PROBLEM TO SOLVE —
The first line of the entries through the line bearing "Custom Green White-Pink": copy these lines exactly and return nothing else.

EXTRACTED DATA —
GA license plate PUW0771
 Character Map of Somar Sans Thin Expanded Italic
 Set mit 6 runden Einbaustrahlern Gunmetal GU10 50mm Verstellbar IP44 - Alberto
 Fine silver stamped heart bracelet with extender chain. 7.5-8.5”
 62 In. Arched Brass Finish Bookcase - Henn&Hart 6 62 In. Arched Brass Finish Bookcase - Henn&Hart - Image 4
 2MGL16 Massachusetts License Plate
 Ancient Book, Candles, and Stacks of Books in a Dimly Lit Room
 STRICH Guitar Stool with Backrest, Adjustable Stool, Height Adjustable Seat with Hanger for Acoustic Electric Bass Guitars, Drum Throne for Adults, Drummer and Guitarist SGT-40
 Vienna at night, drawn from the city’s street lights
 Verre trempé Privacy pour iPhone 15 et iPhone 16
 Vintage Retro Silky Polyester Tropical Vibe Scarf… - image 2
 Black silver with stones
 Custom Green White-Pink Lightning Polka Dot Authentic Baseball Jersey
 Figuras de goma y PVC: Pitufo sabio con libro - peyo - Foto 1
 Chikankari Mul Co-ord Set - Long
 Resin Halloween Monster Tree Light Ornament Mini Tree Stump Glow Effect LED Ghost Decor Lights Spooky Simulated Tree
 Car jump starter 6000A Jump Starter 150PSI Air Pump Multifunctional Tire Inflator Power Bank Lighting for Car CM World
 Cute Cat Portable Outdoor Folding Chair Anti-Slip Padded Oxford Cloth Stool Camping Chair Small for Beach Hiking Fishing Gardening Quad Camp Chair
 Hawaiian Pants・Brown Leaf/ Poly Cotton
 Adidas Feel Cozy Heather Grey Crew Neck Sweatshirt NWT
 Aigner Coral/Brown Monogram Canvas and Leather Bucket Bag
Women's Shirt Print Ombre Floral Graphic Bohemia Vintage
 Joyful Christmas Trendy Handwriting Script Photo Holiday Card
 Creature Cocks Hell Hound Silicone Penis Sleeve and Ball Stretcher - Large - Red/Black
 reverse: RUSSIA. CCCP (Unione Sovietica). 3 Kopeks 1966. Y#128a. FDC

RESULT OF THE TASK —
GA license plate PUW0771
 Character Map of Somar Sans Thin Expanded Italic
 Set mit 6 runden Einbaustrahlern Gunmetal GU10 50mm Verstellbar IP44 - Alberto
 Fine silver stamped heart bracelet with extender chain. 7.5-8.5”
 62 In. Arched Brass Finish Bookcase - Henn&Hart 6 62 In. Arched Brass Finish Bookcase - Henn&Hart - Image 4
 2MGL16 Massachusetts License Plate
 Ancient Book, Candles, and Stacks of Books in a Dimly Lit Room
 STRICH Guitar Stool with Backrest, Adjustable Stool, Height Adjustable Seat with Hanger for Acoustic Electric Bass Guitars, Drum Throne for Adults, Drummer and Guitarist SGT-40
 Vienna at night, drawn from the city’s street lights
 Verre trempé Privacy pour iPhone 15 et iPhone 16
 Vintage Retro Silky Polyester Tropical Vibe Scarf… - image 2
 Black silver with stones
 Custom Green White-Pink Lightning Polka Dot Authentic Baseball Jersey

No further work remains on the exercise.